Monday, March 1, 2010

Bright Star

Here lies one whose name was writ on water.
John Keats' epitaph

Bright Star
(Australia, 2009) directed by Jane Campion, 119 minutes

Nominated for Achievement in Costume Design - but it has so much more to offer!!

I first saw this at TIFF last September, 2009. John Keats died at 25 a few years after my beloved Jane Austen in 1817 thinking that he was a failure as a poet. Today he is seen as one of the greatest Romantic poets of our time. Bright Star tells the story of the love between Keats and Fanny Brawne, a young girl of fairly modest means whom he courted for three years and was engaged to before his death. "Bright Star" refers to the name of a poem that he wrote for her.

When Australian director Jane Campion (An Angel at My Table (1990), The Piano (1993), A Portrait of the Lady (1996)) introduced the film during the festival (looking like a gracefully aging hippie with her long blondish grey hair worn loosely and her simple clothes) she said the film was like "a door that opens slowly". It is a slow, quiet film but I like Campion's style. She understands desire, and passion, and can allow for quiet moments of great emotional power in her films.

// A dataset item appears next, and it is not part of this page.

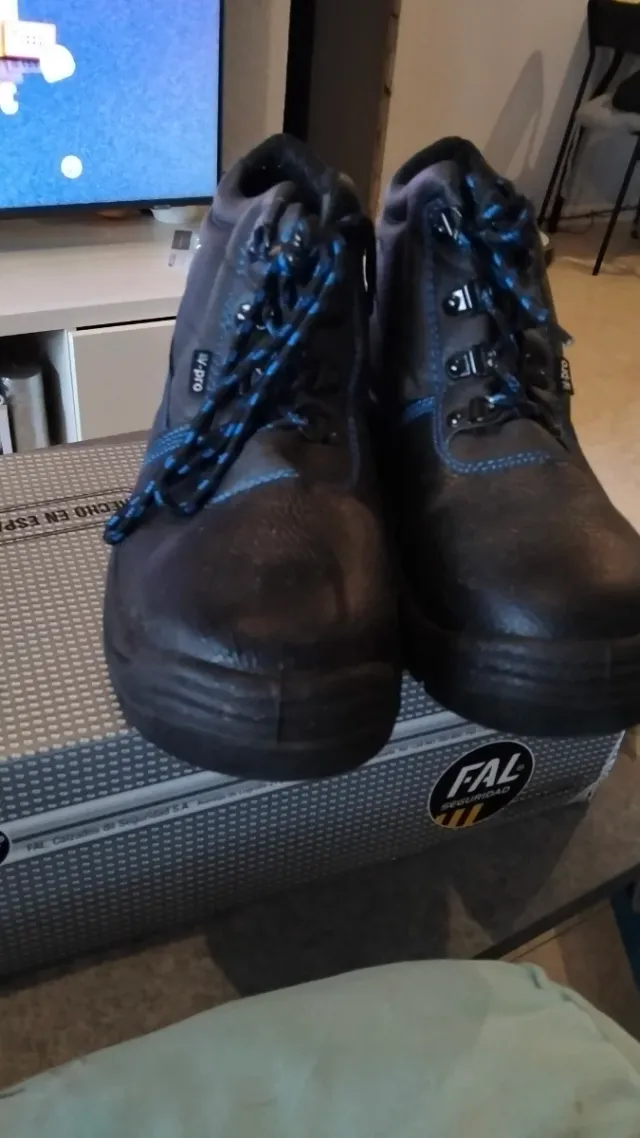 Zapatos de trabajo negros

Keats (Ben Whishaw last seen as Sebastian in Brideshead Revisited in 2008) is depicted here as a serious minded and struggling poet, physically frail, and deeply involved in the care of a younger brother who eventually dies of tuberculosis (as did their mother). Whishaw, usually thin, appears like a gaunt shadow of hisself with a pale complexion and long shaggy hair, looking quite the Romantic ideal.

Fanny (the lovely Abbie Cornish) is portrayed as a frivolous, flirtatious girl obsessed with fashion who makes her own clothes. There is a sly joke here because Fanny's clothes, at least at the start of the film, appear garish and a bit loud for the Regency fashions of the early 19th c. At the beginning she is dressed in bright poppy reds with big ostentatious collars and big ruffles. As she evolves as a woman, so does her style. Later, she appears more graceful and subdued in rich reds and blues and purples.

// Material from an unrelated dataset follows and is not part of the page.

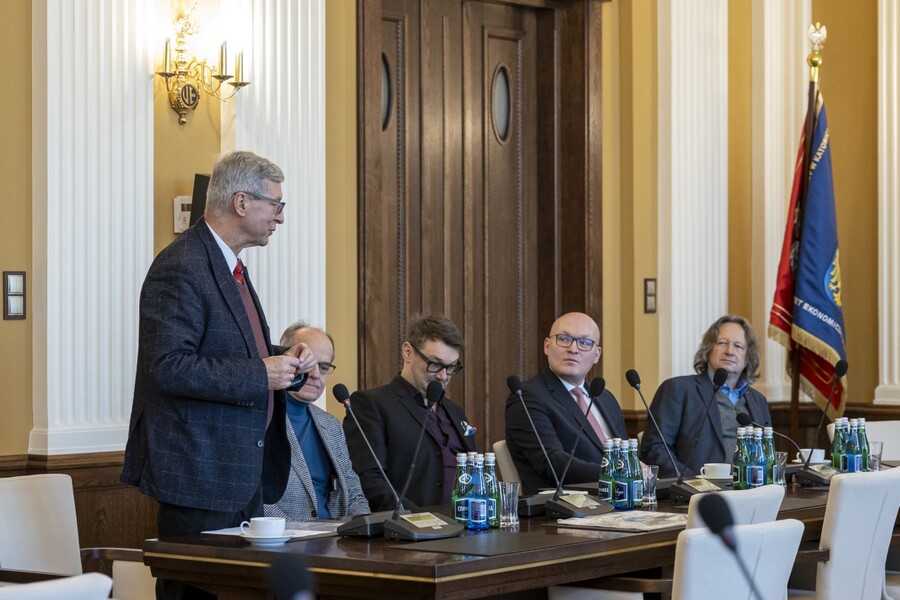 zdjęcie wykonane podczas spotkania, przedstawia jego uczestników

Keats described her thus to his brother George in his letters: "She is not seventeen - but she is ignorant - monstrous in her behavior flying out in all directions, calling people such names that I was forced lately to make use of the term Minx - this I think not from any innate vice but from a penchant she has for acting stylishly. I am however tired of such style and shall decline any more of it."

Despite his initial antipathy they fall in love - they are thrown together a in a series of circumstances when they share a portion of the same rented house - she, with her widowed mother, brother and sister and, he, with fellow poet Charles Brown (Paul Schneider), a rude, acerbic fellow who, one suspects, is half in love with Keats himself based on the stridency with which he attempts to separate the two lovers.

Gossip and Keats' illness push the couple into an engagement despite her mother's reservations because Keats has no means of making a living. But he is too ill to remain in England for another winter. His friends arrange for him to travel to, and live, in Italy. Unfortunately, their romance ends there as Keats dies in Italy of TB.

Beautifully done, quiet and subtle and intensely romantic.

Later I read that Fanny married but always concealed her relationship with Keats, which appeared to be largely chaste, a secret from her husband, and only revealing the truth to her three children. After she and her husband died, her children sold Keats' letters in the 1870s. You may read more of their story here.

TIFF of the day: At the press screening for this film in Toronto "the technical staff loaded the last reel of the film backwards. With less than 20 minutes left, suddenly Fanny and John were dancing on the ceiling while their carefully cultivated English accents turned into something that sounded like mangled Danish. TIFF staff apologized as the room filled with sighs."

2 comments:

Cheryl said...

I am definitely going to see this one!

kathyama59 said...

I loved this film too. It moves with a slow grace and the cinematography, sorry to get technical, but it is intimate and as luminous as a Vermeer painting.